The tax contribution of Britain’s financial services industry hit its highest since the global crash seven years ago — despite the corporation tax paid by banks and financial institutions halving over the period.

Financial services business are estimated to have paid £66.5 billion in employment, corporation and other levies in the latest tax year, according to a survey by PricewaterhouseCoopers commissioned on behalf of the City of London Corporation.

The tax take is up about £900 million on the previous period and the largest amount collected since 2007, when financial services paid £67.8 billion.

Then more than 40 per cent of the burdenreflected corporation tax. Today the figure has dropped below 20 per cent, while employment taxes and national insurance contributions make up 33.5 per cent of the total compared with 21.3 per cent seven years ago.

Andrew Packman, head of tax transparency at PwC, said: “The policy of successive governments has meant that the burden of tax on companies has shifted from profit-based taxes to other business taxes, and this is particularly significant for financial services.”

As well as the shift toward employee contributions, banks today must pay an industry levy after the introduction of the bank balance sheet tax five years ago by George Osborne.

The bank levy made up nearly 7 per cent of the total tax take from the financial services sector in the latest year at £2.7 billion, a £500 million increase on the previous tax year.

Mark Boleat, policy chairman at the City of London Corporation, said the financial services industry had made an “outsize” contribution to the public purse. “These figures show the enormous value of the financial services sector in underpinning the wider economy, the government’s spending programme, and public services,” he said.

● Small business loans backed by the Bank of England and the Treasury jumped by £700 million in the third quarter as banks, including Lloyds Banking Group and Royal Bank of Scotland, used a government scheme to increase lending to SMEs.

A net £700 million was lent to SMEs across Britain through the Funding for Lending scheme (FLS) in the three months to the end of September compared with £400 million in the previous quarter, with RBS making £290 million of new loans to smaller companies, while Lloyds extended £275 million of net new lending to the sector.

The FLS was set-up three years ago amid fears that smaller businesses were finding it difficult to borrow in the wake of the financial crisis and banks and building societies retrenched as they attempted to rebuild their balance sheets.

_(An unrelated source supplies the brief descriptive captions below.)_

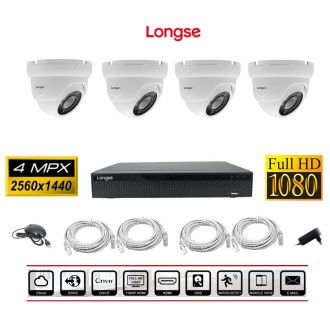 Set di 4 telecamere IP - 4MP, IR 20m Longse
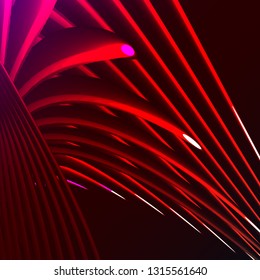Beautiful purple pink abstract magical energy electric spiral twisted cosmic fire lattices of lines, stripes, sticks, rods of brilliant glowing on a purple background. Vector illustration. Texture.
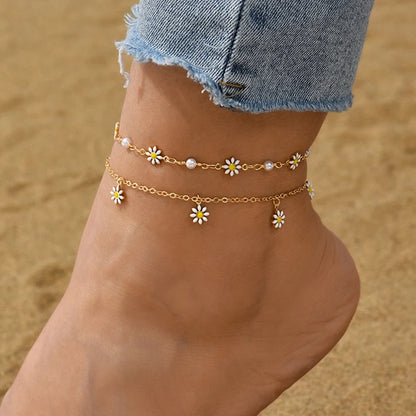 Solara Pearl Daisy Anklet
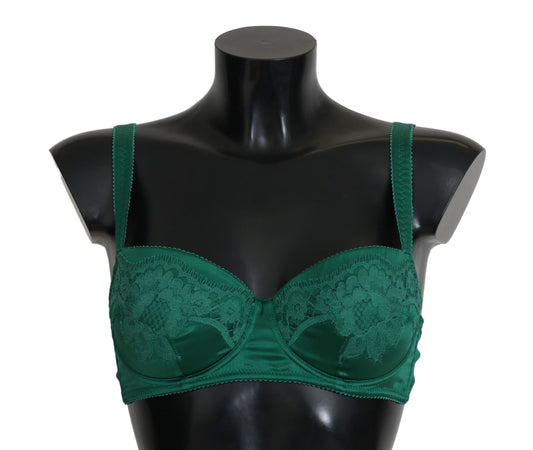 Dolce & Gabbana Enchanting Green Floral Lace Silk Bra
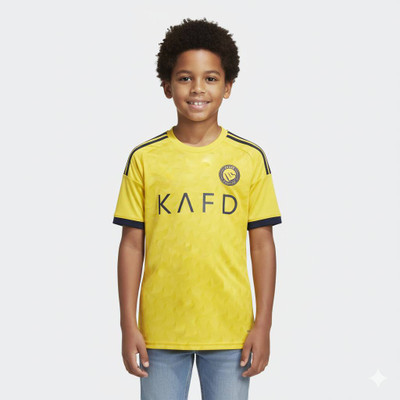 Thiva Boys & Girls Printed Polyester Regular T Shirt(Yellow, Pack of 1)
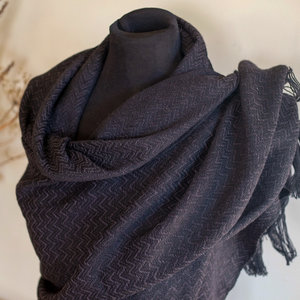Merino Shawl - Cafe Noir (dark brown)
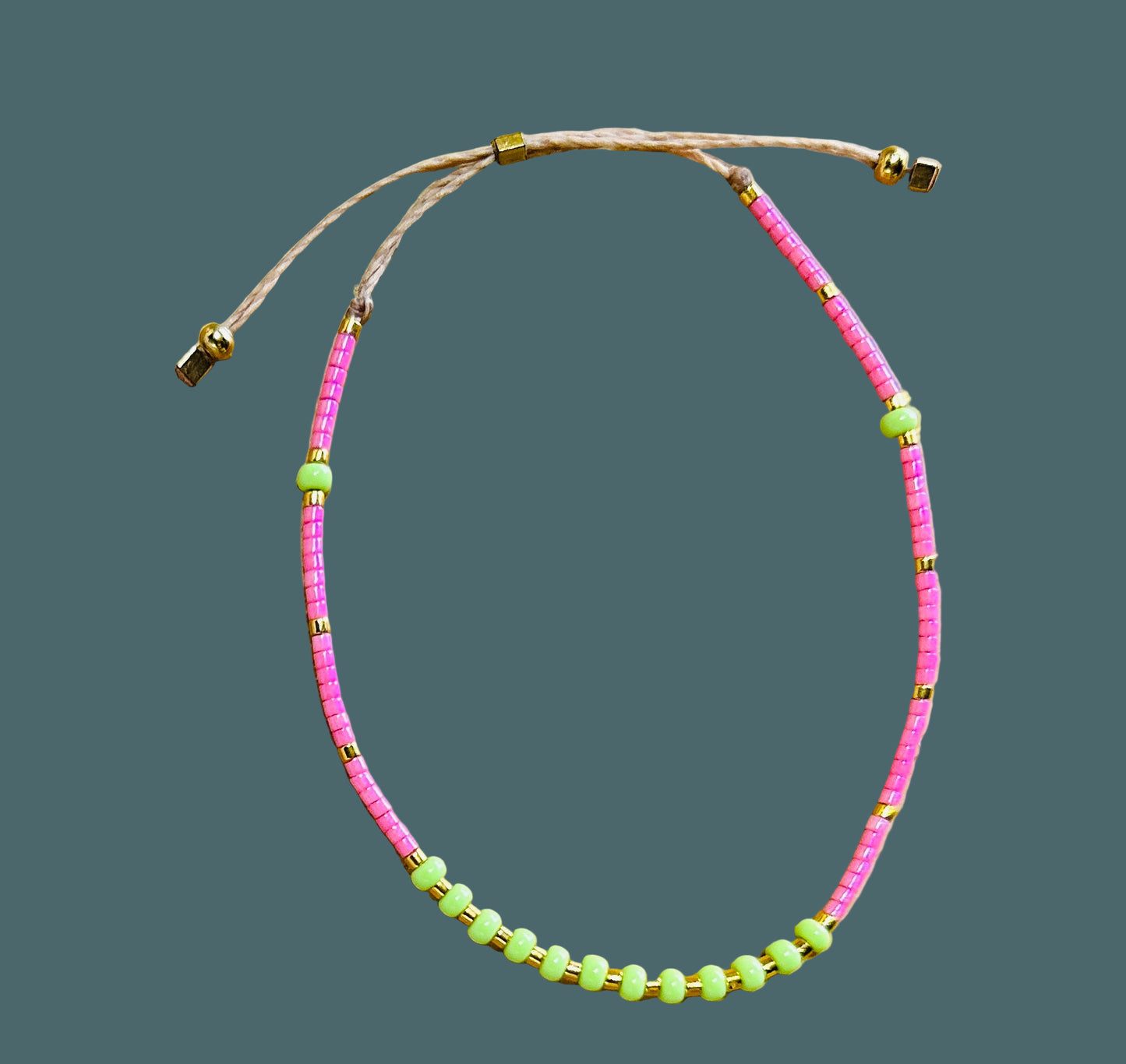Athena & Co Green/Pink Delica Braid Bracelet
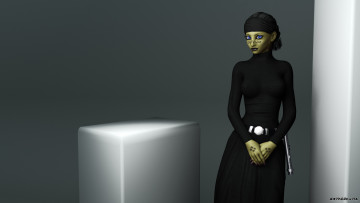 Картинка 3д+графика фантазия+ fantasy девушка взгляд фон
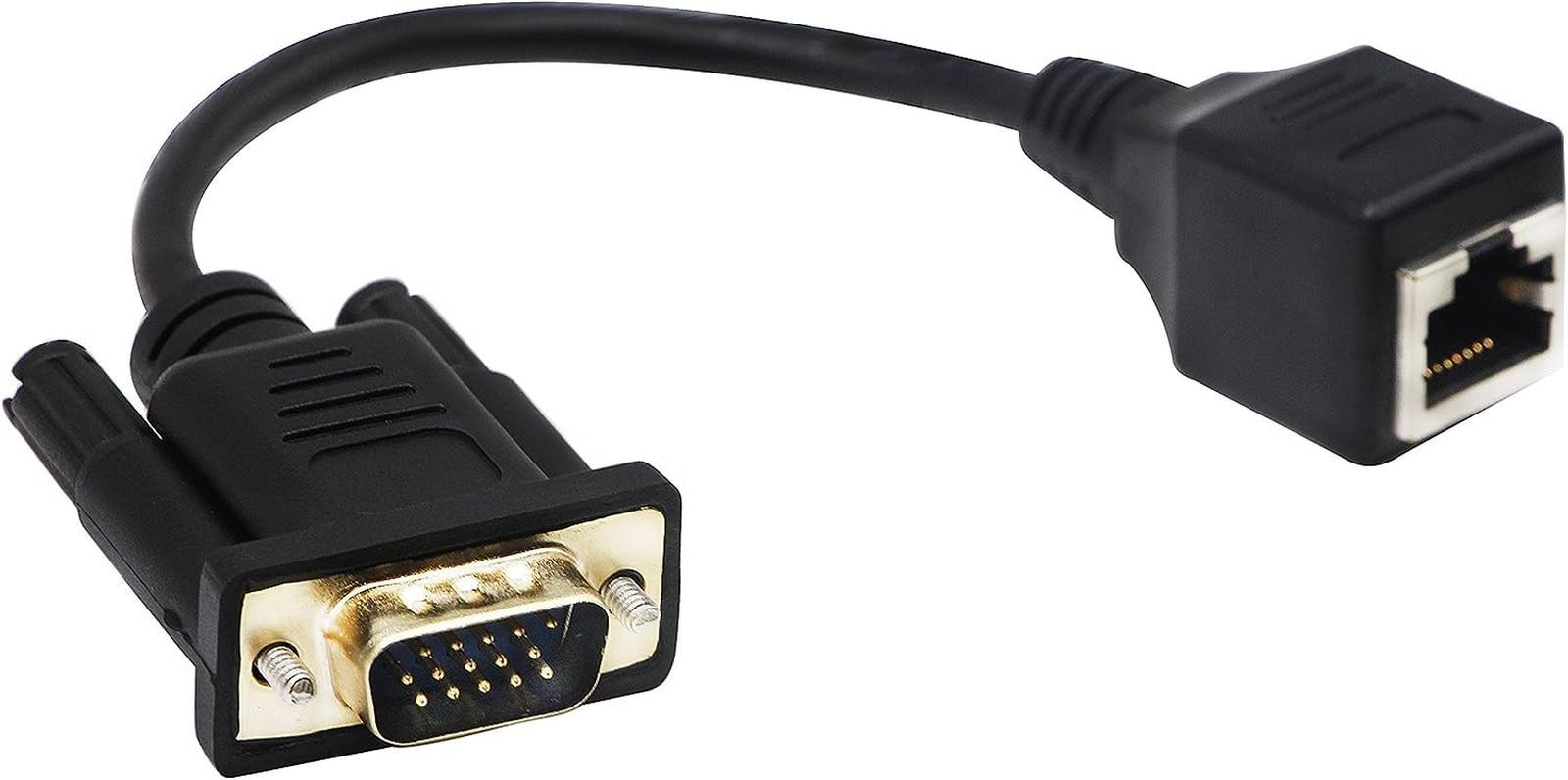 Zdycgtime RJ45 to VGA Cable, VGA 15-Pin Port Female&Male to RJ45 Female Cat5/6 E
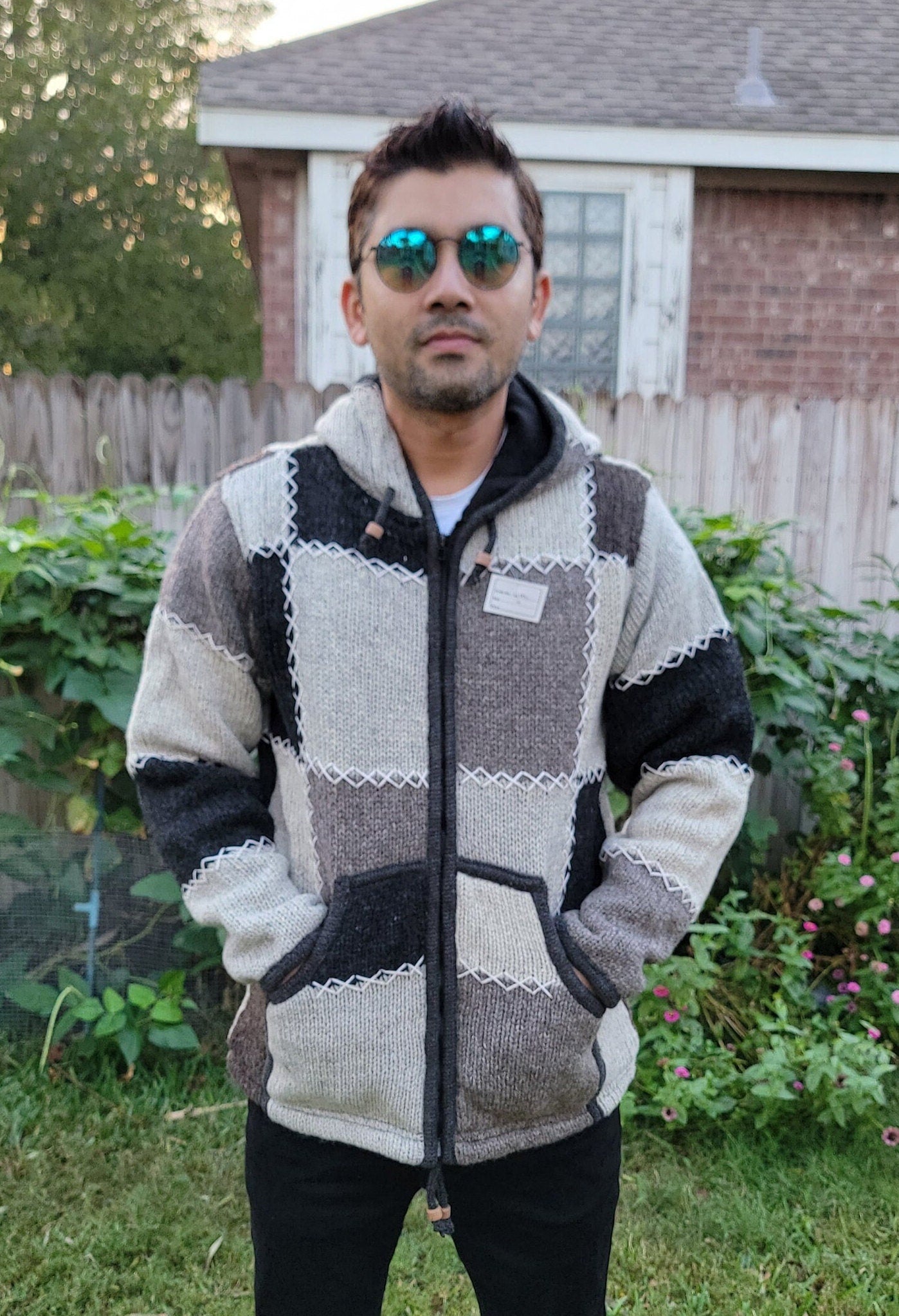 Namaste Handmade Fleece Lined Winter Unisex Thick Natural Patch and Colorful Patch Vibrant Warm Pure Woolen Double Layered Jacket.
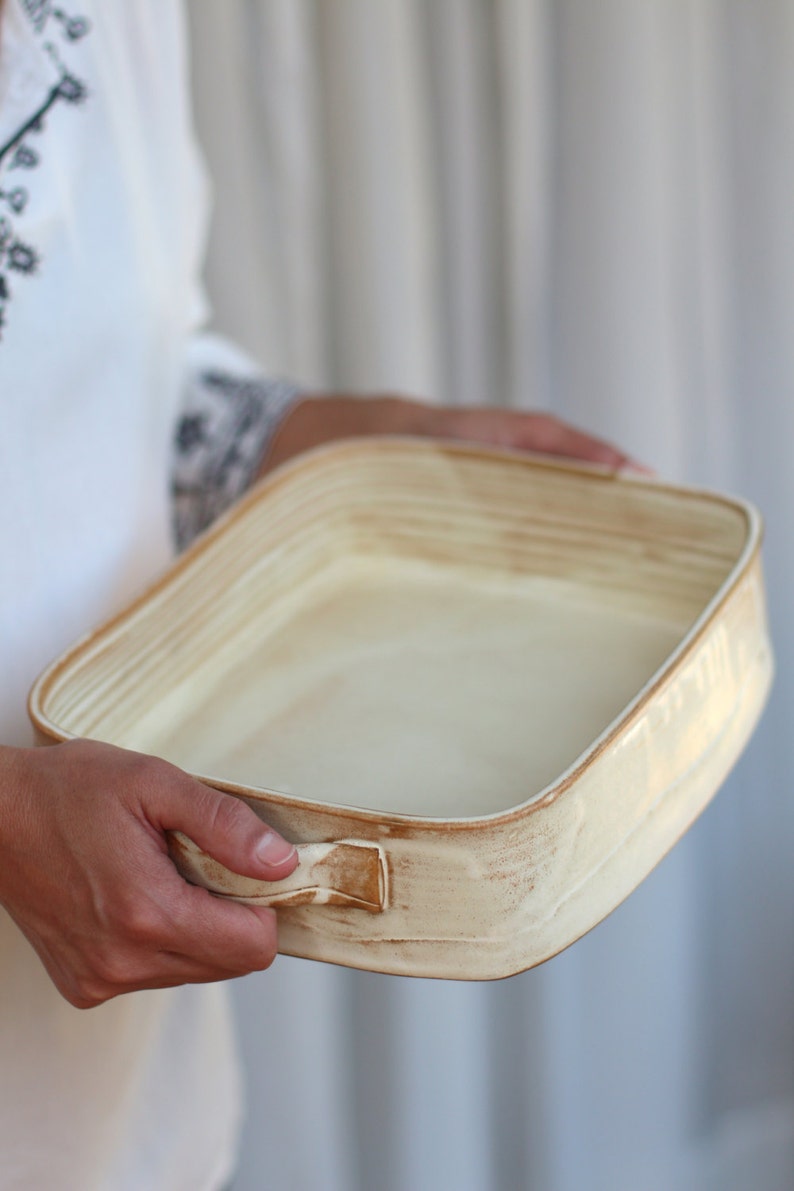 Large Ceramic Dish, Casserole dish, New Home Gift, Ceramic wedding gift, Ceramic new home gift Creamy White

According to the latest figures from the Bank of England published yesterday, a total of £63.6 billion has been drawn down by lenders using the programme, which initially was allowed to fund loans supporting new mortgage and SME lending, before being subsequently limited to small businesses because of fears about the overheating housing market.

As at the end of September, a net £26.2 billion was being borrowed through the FLS once repayments were taken into account. The biggest user of the scheme is Lloyds, with £16 billion of outstanding FLS loans, an amount that led Investec analysts to dub the programme “Funding for Lloyds” in a note to clients last month.

Last week the Bank and the Treasury confirmed that the FLS would be extended for a further two-year period. Officials said that the extension would provide banks with greater flexibility to use their allowances under the scheme and help to support business lending.

The Bank of England expects to phase out the scheme gradually, with banks encouraged to fund their loans books entirely with private funding sources rather than using publicly backed lending.

The British Bankers’ Association, the lobby organisation of the financial services industry, said yesterday that the FLS had continued to “drive economic growth and create jobs”.

“Borrowers should be confident about applying to their banks for finance,” the BBA said. “While the proportion of SMEs feeling confident that their bank will approve a borrowing request has steadily grown from 60 per cent, the SME Finance Monitor shows that eight out of ten businesses applying for loans and overdrafts are actually successful.”